While the survey does indicate that a majority of Greeks are willing to swallow a few years of bitter medicine, there is also a significant portion of the population who apparently don't understand what happens when a country runs out of money. Quite simply put, when your "outgo" exceeds your "income" habitually, eventually you will reach a point when no one will be willing to loan you money that they think they might not recoup. Call this the subprime sovereign debt crisis; the Greeks over-mortgaged their country and now they are further underwater than Atlantis. While the option of allowing the bailiff to come and repossess the Akropolis and a couple cases of Ouzo might sound tempting, what exactly are German and French banks who are on the hook for roughly 110,000,000,000 Euros of Greek debt going to do with it? Relocate it to Euro-Disney? Throw a toga party? Sell it to Andorra?

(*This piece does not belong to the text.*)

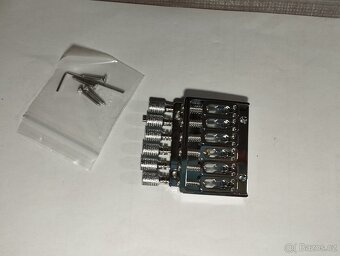 Ladiaca mechanika - 8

While I am usually not inclined to make predictions, this crisis was about as difficult to foresee as a very tragic ending in a very Greek tragedy. When the Greeks joined the Eurozone, they were no longer able to devalue their currency or to inflate their way out of debt as they had in the past. They were also granted the ability to borrow far more money to feed their spending habits. For an addict to suddenly inherit a lump sum of cash is incredibly dangerous and usually self-destructive. Instead of checking themselves into the wing of the Betty Ford Clinic designed for profligate entitlement-oholics, they went on a raging binge. This is the hangover. Instead of spending the morning after avoiding sunlight and promising the pantheon of deities that they'll never do it again, the instincts of a frighteningly large minority of the people are to turn their booze stained shirt inside-out, splash some cologne on to cover last night's excesses, and to keep the party going.
So, if stupid threw a party, how many people would come? In Greece, about 1/3rd.